Secondhand phones purchased over the Internet surrendered credit card numbers, banking passwords, business secrets and even evidence of adultery. One married man's girlfriend sent a text message to his cell phone: His wife was getting suspicious. Perhaps they should cool it for a few days. ''So,'' she wrote, ''I'll talk to u next week.'' ''You want a break from me? Then fine,'' he wrote back. Later, the married man bought a new phone. He sold his old one on eBay Inc. for $290 The guys who bought it now know his secret. The married man had followed the directions in his phone's manual to erase all his information, including lurid exchanges with his lover. But it wasn't enough.
Selling your old phone once you upgrade to a fancier model can be like handing over your diaries. All sorts of sensitive information pile up inside our cell phones, and deleting it may be more difficult than you think. A popular practice among sellers, resetting the phone, often means sensitive information appears to have been erased. But it can be resurrected using specialized yet inexpensive software found on the Internet.

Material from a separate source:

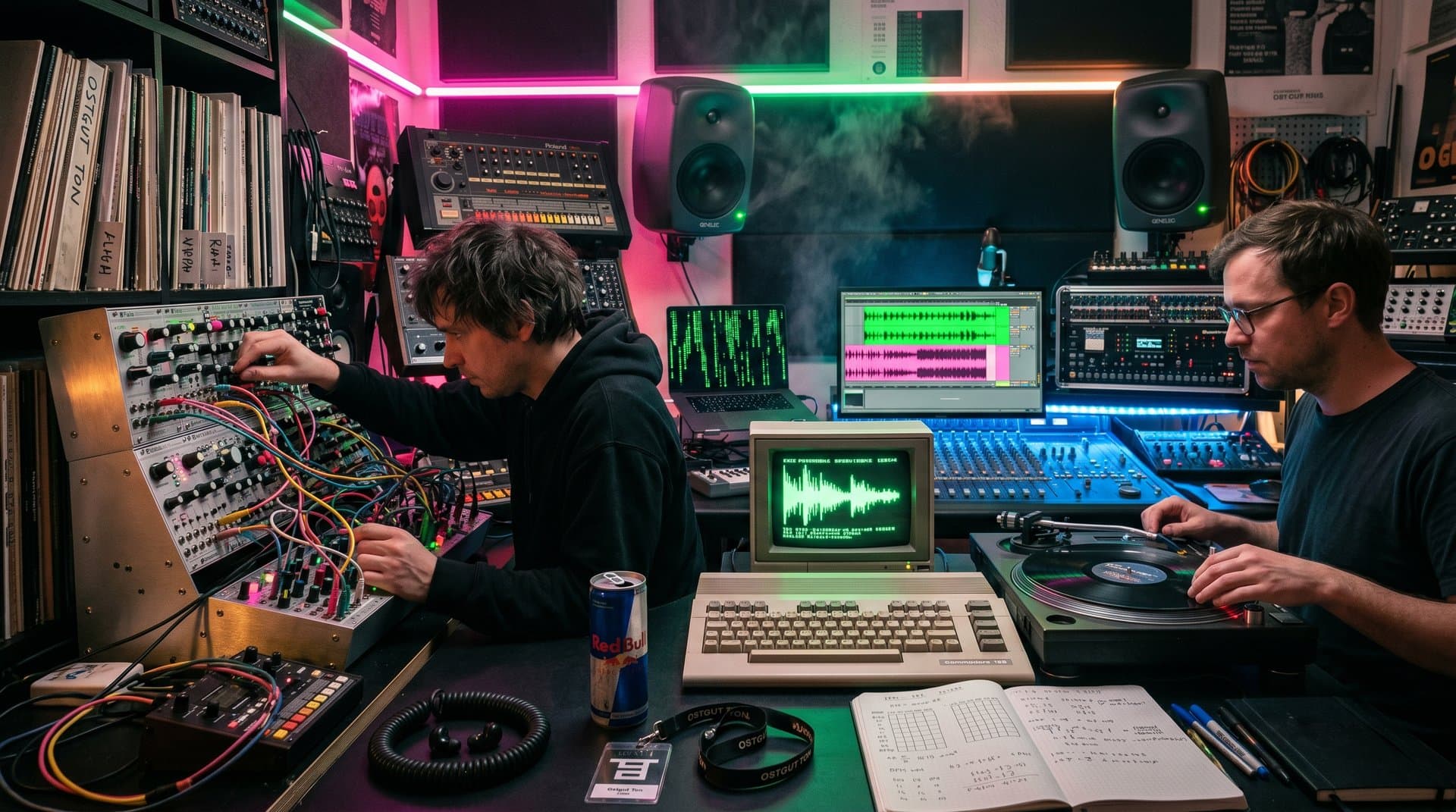 Berliner Studio mit C64-Emulator, Ableton und Chiptune-Remixen in elektronischer Produktion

A company, Trust Digital of McLean, Va., bought 10 phones on eBay this summer to test phone-security tools it sells for businesses. The phones all were fairly sophisticated models capable of working with corporate e-mail systems. Curious software experts at Trust Digital resurrected information on nearly all the used phones, including the racy exchanges between guarded lovers. The other phones contained:
--One company's plans to win a multimillion-dollar federal transportation contract.
--E-mails about another firm's $50,000 payment for a software license.
--Bank accounts and passwords.
--Details of prescriptions and receipts for one worker's utility payments.
The recovered information was equal to 27,000 pages -- a stack of printouts 8 feet high.